Retrieving data or source code from linked webpages

Printable View

08-28-2014, 02:03 PM
leonmyerson

Retrieving data or source code from linked webpages

I'm working with many webpages that are basically lists of names with each name being a link to that persons own webpage. Is there a simple way to retrieve the data or the source code of every one of these linked pages, starting from the name list page, in a single operation? Either actual data, or the source code of all of the webpages in a single text file that I can parse myself would be very useful. Thanks.
08-29-2014, 01:41 AM
anon

Re: Retrieving data or source code from linked webpages

If by "source code" you mean the HTML source, you can do this with wget.
09-16-2014, 08:47 PM
scdas141

1 Attachment(s)

Re: Retrieving data or source code from linked webpages

Even tho I am sorry for replying a little late to this, I believe others could benefit from this..

I had very good results with "webcopier pro 5.4", available here http://www.maximumsoft.com/products/.../overview.html

You can download entire websites for offline browsing. There are options to even disguise the client as an old IE or Firefox front-end & to avoid suspicion you can randomize the speed & links to download per hour or day.. I think full-version DLs are also available on popular portals..

Attachment 147599

Another free utility is HTTrack.. Not with very encouraging results for me personally
09-17-2014, 04:58 AM
whatcdfan

Re: Retrieving data or source code from linked webpages

Not sure if I've understood you correctly but if you're looking to gather anything from a website, IDM has sitegrabber which creates the task on your specifications and does it very efficiently.
09-17-2014, 06:50 PM
scdas141

Re: Retrieving data or source code from linked webpages

oh no, sitegrabber just gathers the content.. If u want a truly working offline site, with all java & API scripting.. that's what webcopierpro & their ilk do..
09-18-2014, 03:21 AM
leonmyerson

Re: Retrieving data or source code from linked webpages

Quote:

Originally Posted by anon

If by "source code" you mean the HTML source, you can do this with wget.

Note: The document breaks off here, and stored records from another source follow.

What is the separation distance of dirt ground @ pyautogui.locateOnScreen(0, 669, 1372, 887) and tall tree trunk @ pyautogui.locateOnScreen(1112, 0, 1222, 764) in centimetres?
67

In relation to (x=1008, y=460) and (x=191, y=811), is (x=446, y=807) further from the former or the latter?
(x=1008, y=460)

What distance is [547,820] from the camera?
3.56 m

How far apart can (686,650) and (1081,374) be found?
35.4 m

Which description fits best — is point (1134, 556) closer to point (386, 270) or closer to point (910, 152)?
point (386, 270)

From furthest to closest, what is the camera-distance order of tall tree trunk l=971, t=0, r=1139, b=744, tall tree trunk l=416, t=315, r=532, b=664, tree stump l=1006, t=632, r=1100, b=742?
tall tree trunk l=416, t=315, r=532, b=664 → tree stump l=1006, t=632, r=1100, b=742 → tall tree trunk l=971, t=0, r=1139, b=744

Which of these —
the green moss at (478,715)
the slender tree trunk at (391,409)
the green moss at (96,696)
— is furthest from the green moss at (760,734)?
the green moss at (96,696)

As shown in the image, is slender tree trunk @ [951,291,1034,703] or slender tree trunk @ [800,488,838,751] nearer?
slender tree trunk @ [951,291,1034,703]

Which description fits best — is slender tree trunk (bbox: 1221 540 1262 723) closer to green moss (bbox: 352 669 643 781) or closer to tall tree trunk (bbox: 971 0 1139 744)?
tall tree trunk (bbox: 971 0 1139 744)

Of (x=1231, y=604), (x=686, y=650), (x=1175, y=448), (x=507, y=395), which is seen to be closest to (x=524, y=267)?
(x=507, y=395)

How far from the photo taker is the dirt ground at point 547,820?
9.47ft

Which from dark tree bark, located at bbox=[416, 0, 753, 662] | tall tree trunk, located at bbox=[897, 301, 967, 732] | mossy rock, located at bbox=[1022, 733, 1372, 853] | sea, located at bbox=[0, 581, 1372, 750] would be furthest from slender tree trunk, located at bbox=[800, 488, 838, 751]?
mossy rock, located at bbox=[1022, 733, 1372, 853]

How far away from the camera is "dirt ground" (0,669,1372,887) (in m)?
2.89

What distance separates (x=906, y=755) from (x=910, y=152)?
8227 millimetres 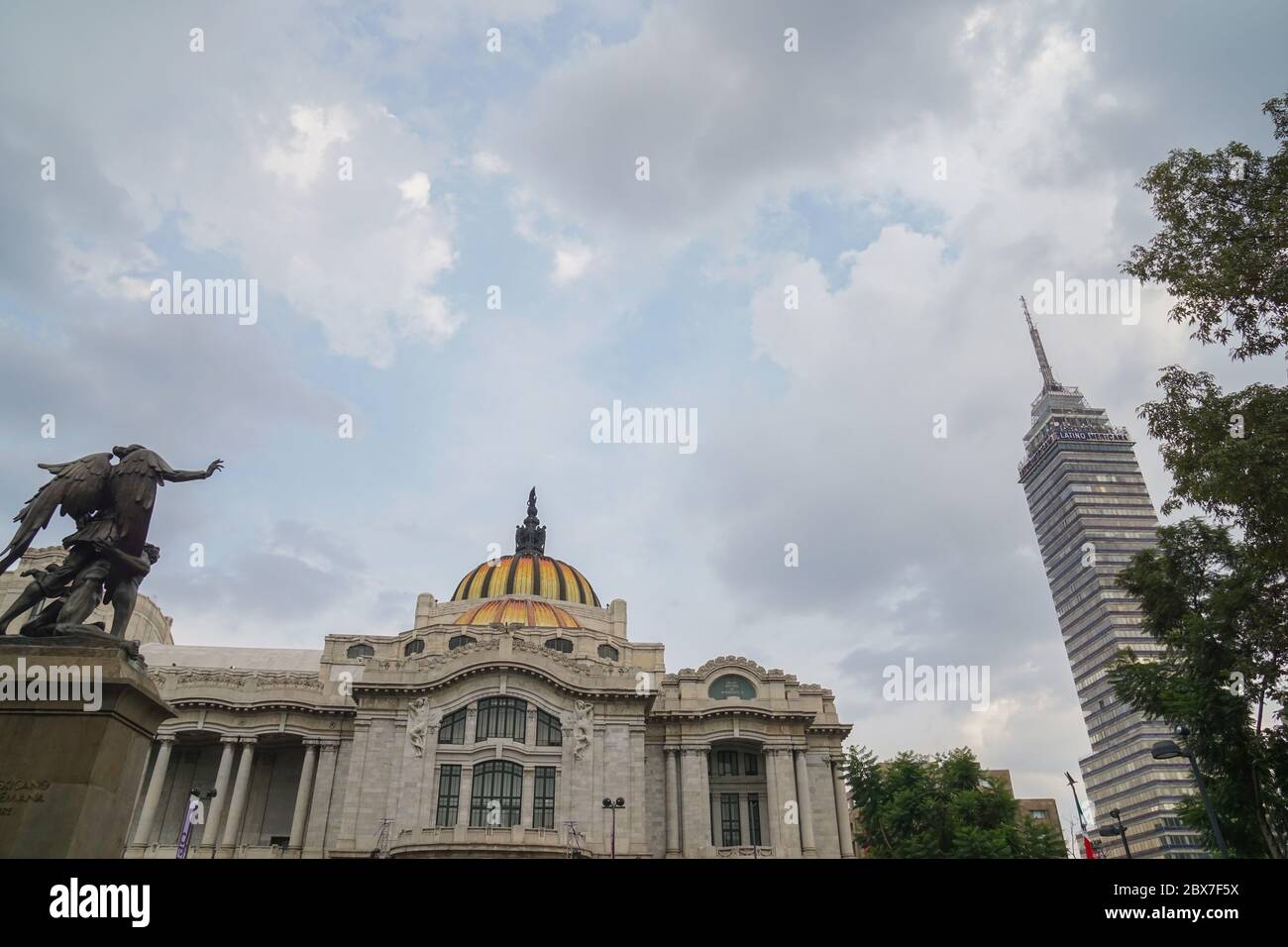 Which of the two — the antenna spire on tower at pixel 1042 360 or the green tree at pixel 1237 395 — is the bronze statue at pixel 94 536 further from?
the antenna spire on tower at pixel 1042 360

I tried this with wget, and while it did recursively grab every page, it gave me a text file in which everything ran on as a single line. Is there a way to make it store the HTML source in a formatted form so that a program could read and filter it line by line?
09-18-2014, 02:34 PM
anon

Re: Retrieving data or source code from linked webpages

Quote:

Originally Posted by leonmyerson

I tried this with wget, and while it did recursively grab every page, it gave me a text file in which everything ran on as a single line.

Might be because the HTML is being delivered using Unix-style newlines instead of Windows-style. Make your parser recognize both 0x0A and 0x0D0A as line breaks if that's the case (or preprocess the documents with a simple search-and-replace script).